Did I just hear the angel girl talk? I was on my back, blinking, trying to get my wits together. I’d managed to get the wall built, but it had cost me dearly. I was just glad I had smacked that octopus man.
Squidbeard glanced at Figg’s wall of water to the south, my wall he was standing on, and Geeze’s fire barrier to the north. Then his gaze fell on Dryx. She would best him in a fight. He had a conch shell hanging around his neck, half hidden by his beard. He blew a long, loud blare. I had to wince, and I thought I might lose consciousness, it was so loud.

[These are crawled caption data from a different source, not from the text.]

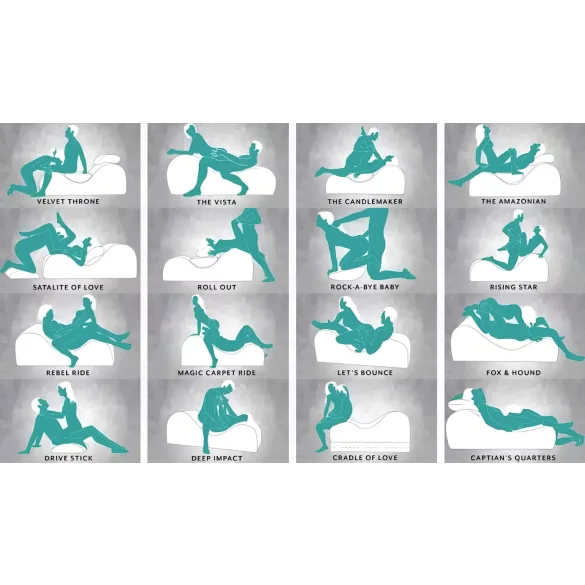 Liberator Esse Lounger - prilagodljiva seks sofa - 3 dela (crvena)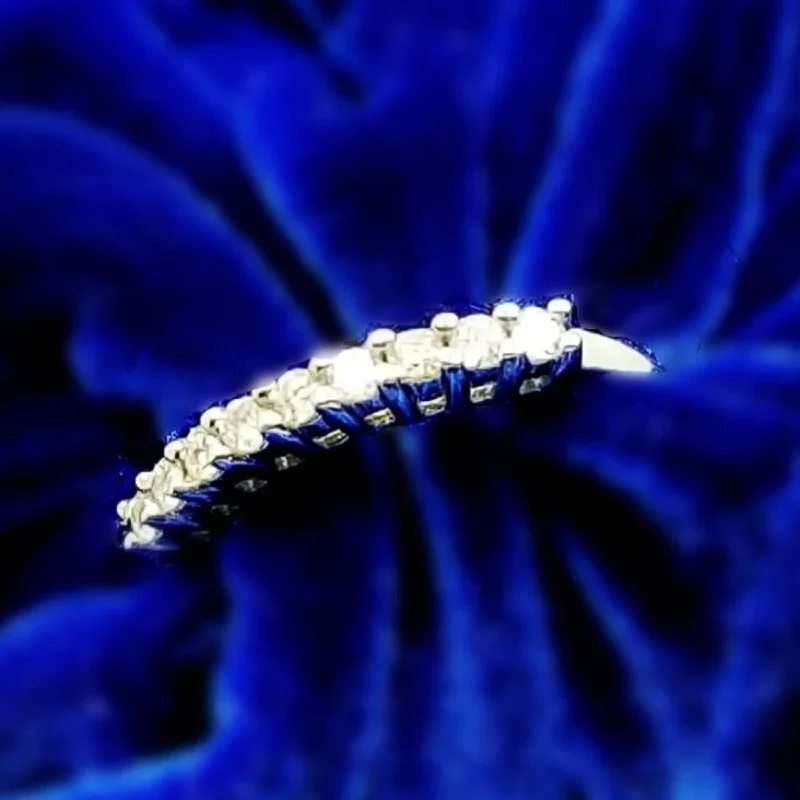 White Gold Eternity Diamond Ring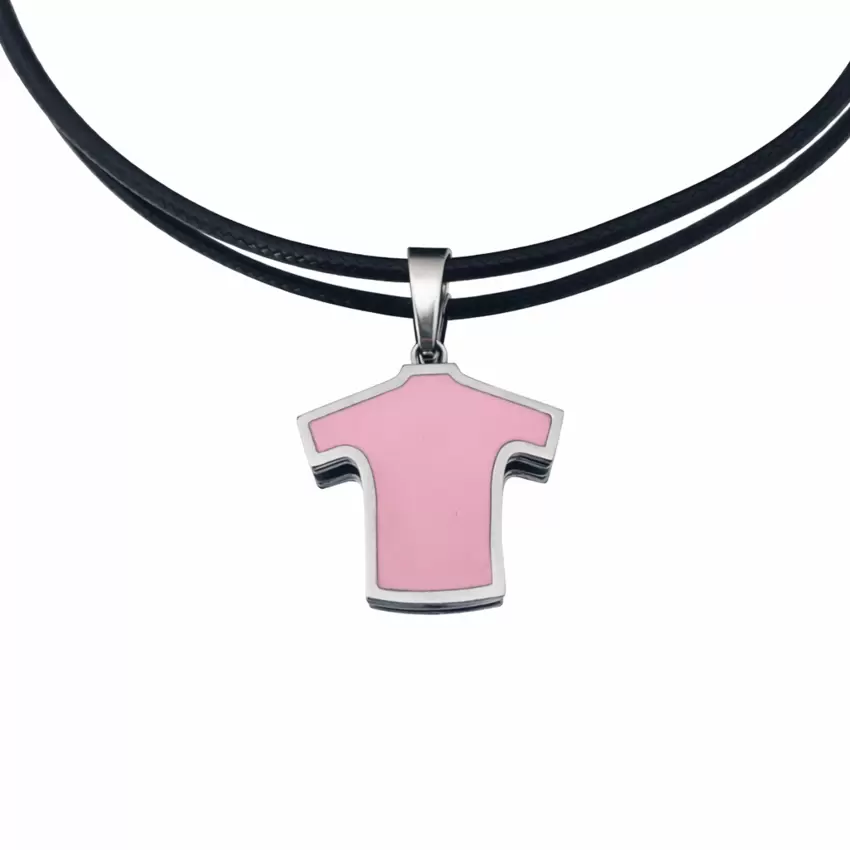 Pink Steel Mesh Charm-Anhänger  
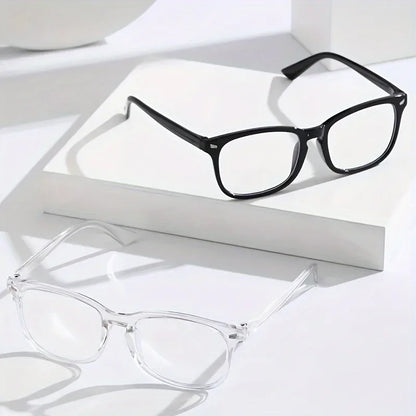 Blue Light Blocking Glasses — Lightweight Square Clear Lens, 3-Pack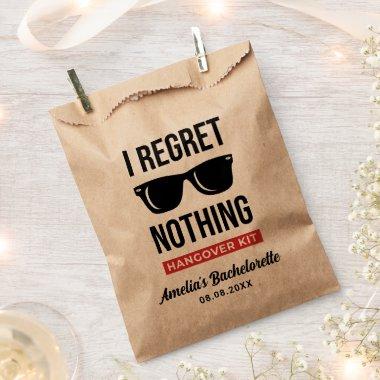 I Regret Nothing Bachelorette Party Hangover Kit Favor Bag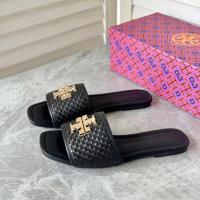 ราคา do** รองเท้าแตะหนังแท้ Tory Burch โลโก้สีทอง ของผู้หญิง สินค้าใหม่ ของแท้ (43953730897)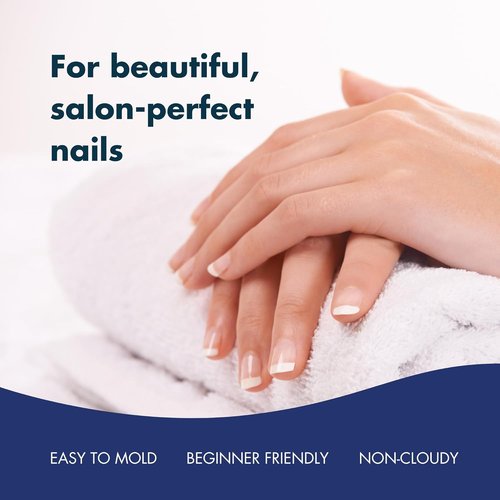 DeEnti Acrylic Nail Powder - 2oz Dark Pink | Professional Bubble-Free Formula for Long-Lasting, Chip-Resistant Nails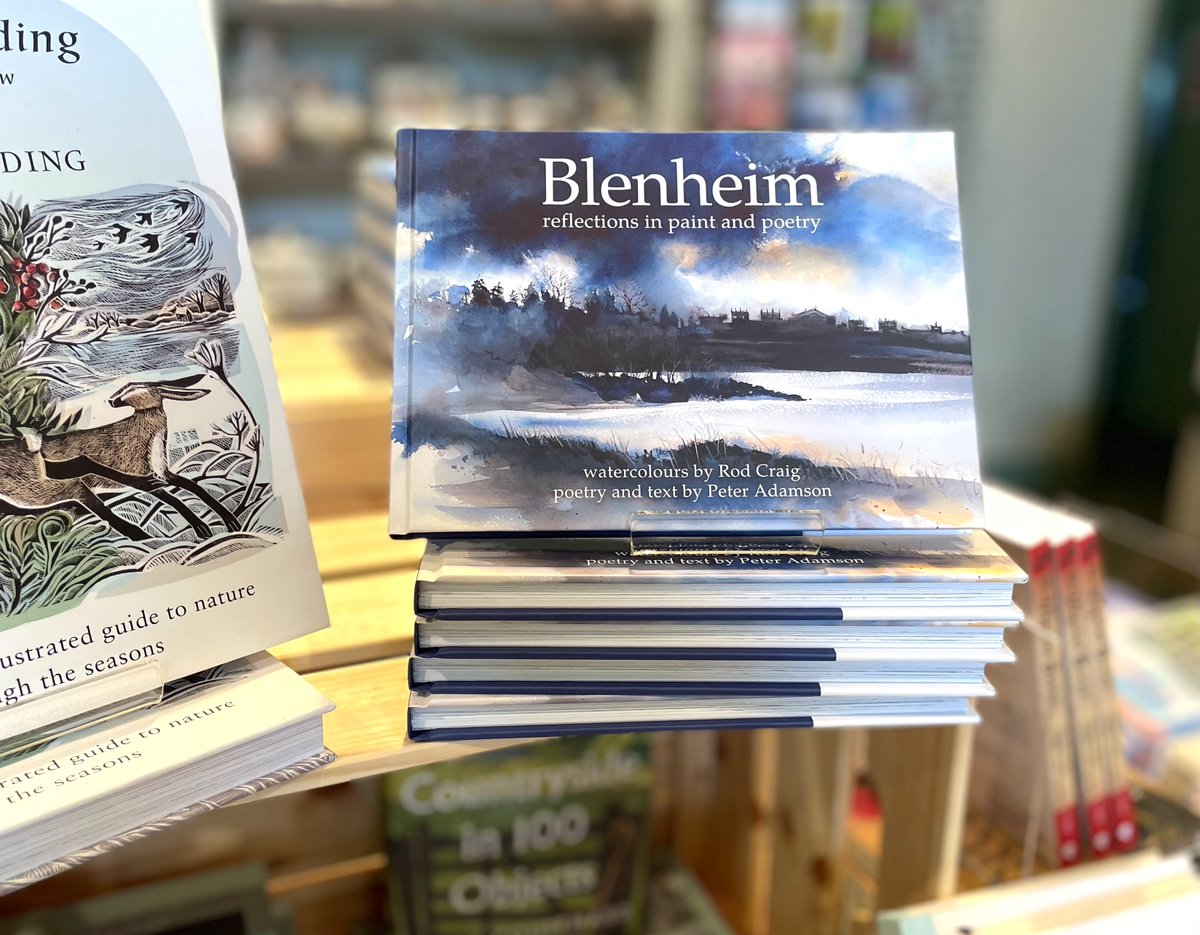 I'm very excited to announce a new book of Blenheim watercolours, 55 paintings alongside beautiful text and poems by Peter Adamson. Hardback £15.95 you can buy here.. peteradamsonwriting.com/essays/blenhei…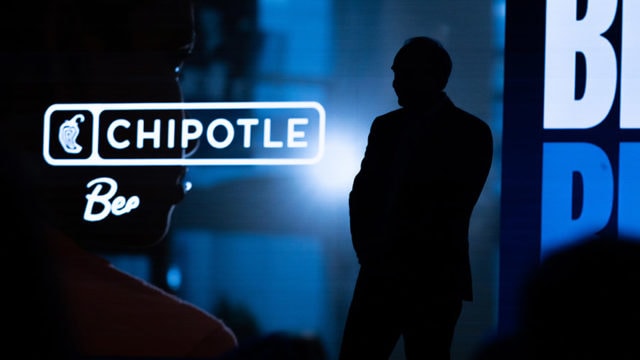 a chipotle sign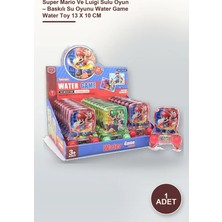 Yenilig 1 Adet Super Mario ve Luigi Sulu Oyun – Baskılı Su Oyunu Water Game Water Toy 13 x 10 cm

He scooped up his ax, glaring at Dryx, then at me. “We will return. For my treasure. For the diamonds. For your lives. Foulwater is ours.”
I watched as Dryx looked upon the merman, and it was clear she recognized him. She let out a scream of fury. She was going to use one of the those sticks as a catheter. But before she could reach him, Squidbeard rolled back on his tentacles and slipped over the edge.
She went right after him, wings spread.
I crawled over. Squidbeard hit in his fin form and didn’t leave much of a splash. The Russian judges would’ve been forced to give him a good score because it was a perfect dive. Dryx was too late. The merman swam fast and deep to get away from her. I’d seen my fair share of angry women, but I’d seen bloody murder in the angel girl’s eyes. She wasn’t going to get revenge today, though, not unless she could somehow turn aquatic.
The merfolk army retreated along with their kraken. The lobsterous octopi tucked their heads down, pulled their pincers behind them, and sprayed water from the center of their bodies. It was jet propulsion at its finest.
I rolled onto my back and closed my eyes.
I must’ve lost consciousness, as a wail woke me. “Axel!”
I figured it was Rhee, who would be terrified I’d been killed. She did worry. Figg would’ve yelled at me for smashing up a good bit of the New Pier, but her anger was only a cover for her love. With how much she raged, she must adore me.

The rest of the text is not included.